This is the last lesson of the intro series. We hope you've had fun learning something new and useful. To place all the puzzle pieces together, let's have a recap with a step-by-step tutorial on how to build a scraping task from scratch. We'll walk you through the entire process from entering the URL to downloading the extracted data. Let's dive right into it.
For this example, we'll scrape article information from this sample URL:
1. Start a new task
Enter the target URL into the search bar. Click Start to create a new task
2. Start the Auto-detect
As soon as the webpage is loaded in the built-in browser, select Auto-detect web page data from the Tips panel. Octoparse will start detecting web page data right away.
3. Preview your data
Once the auto-detect process is complete, go ahead and check your data in the Data preview section. Click the trash icon to remove those that are not needed.
4. Save auto-detect settings
Go back to the Tips panel and check the settings below:
Check the Add a page scroll box if your target website is loading more items while the page scrolls
Check the Paginate to scrape more pages box if you'd like to scrape more than one page
Check if the correct pagination button has been selected on the website (highlighted)
Now, click Create workflow and Octoparse will auto-generate the workflow.
Apart from the listing page, if you want to scrape more data from the article detail page, please follow the steps below:
Click Select subpage URL
Choose the option Click on an extracted data field
Select Title_URL from the dropdown menu and click Confirm
Notice how an extra step gets added to the workflow which is the Click URL in the list step.
5. Select data from the subpage
You will now arrive on the article detail page. Once again, select Auto-detect web page data from the Tips panel.

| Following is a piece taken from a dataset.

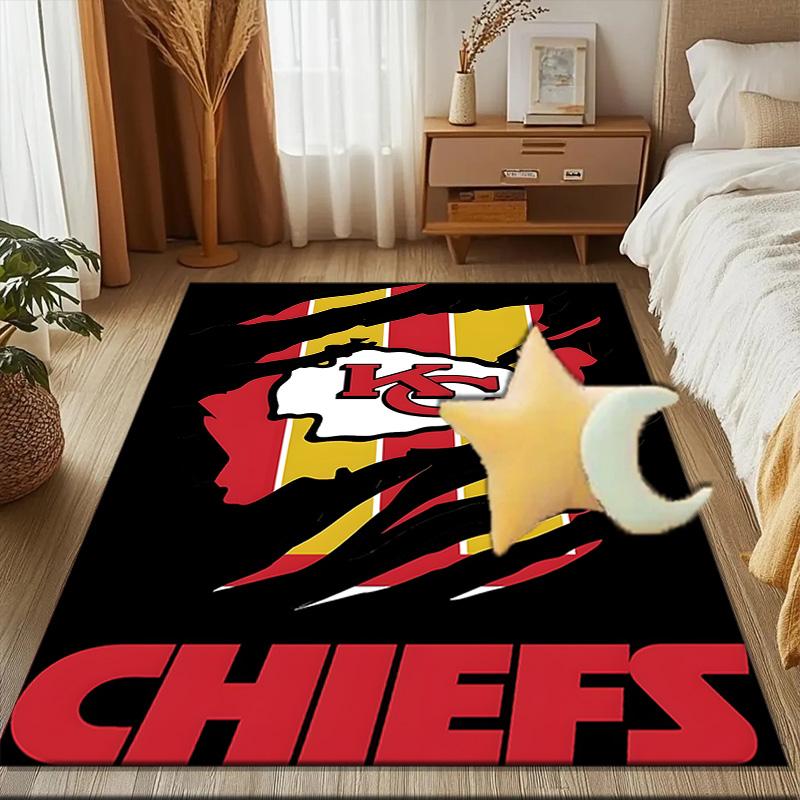 Kansas City Chiefs Pattern Rug Game Carpet, Floor Mat for Bedroom Living Room Entryway Rug, Home Decor Idea Gift for Christmas birthday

Octoparse can automatically detect article title, content or author, etc.
TIP: The auto-detection process will start automatically. You can switch between the detected results until you have the right data selected.
Click Create workflow and the updated workflow should look like this:
You can also manually select the information on the web page to scrape data if the auto-detection does not work well on the subpage.
6. Clean the extracted data
Looking at the extracted data, there's something we would like to change. For example, we would like to reformat the publishing date to yyyy-mm-dd, therefore we need to use Clean Data to do so.
Click the More icon in the top right corner and select Clean data
Click Add step - Reformat date & time.
Select our target format.
7. Test-run the task
The scraping task is now completed. As mentioned before, it's always recommended that you test the workflow step-by-step, making sure that each step does what it needs to do. For example, if you click on Go to Web Page, it should load the web page in the built-in browser without a problem.
Launch the workflow and test run it by clicking through all the steps from top to bottom and inside to outside for nested steps (like pagination and loop item). Observe if the web page is responding as expected.
8. Schedule and run
Now that your task is fully tested and working, you can start a local run first to see if data can be scraped.
You can extract the data much faster by running the task in the Cloud or you can also schedule it to run on a recurring basis.
To start a cloud run, click Standard Mode or Boost Mode under Run in the Cloud.
To schedule the task, click Automation Settings and click Edit.
Pick your desired frequency and designate a day and time for the run.
9. Export your data
Go to the Task List to find your task and click open task status to view the data extracted. Click Export Data at the bottom and choose the format you'd like to download the data.
Congrats! You've done a good job of making this far and working your way to becoming the next web scraping expert. We hope this is not the end of your learning but the beginning of your web scraping journey.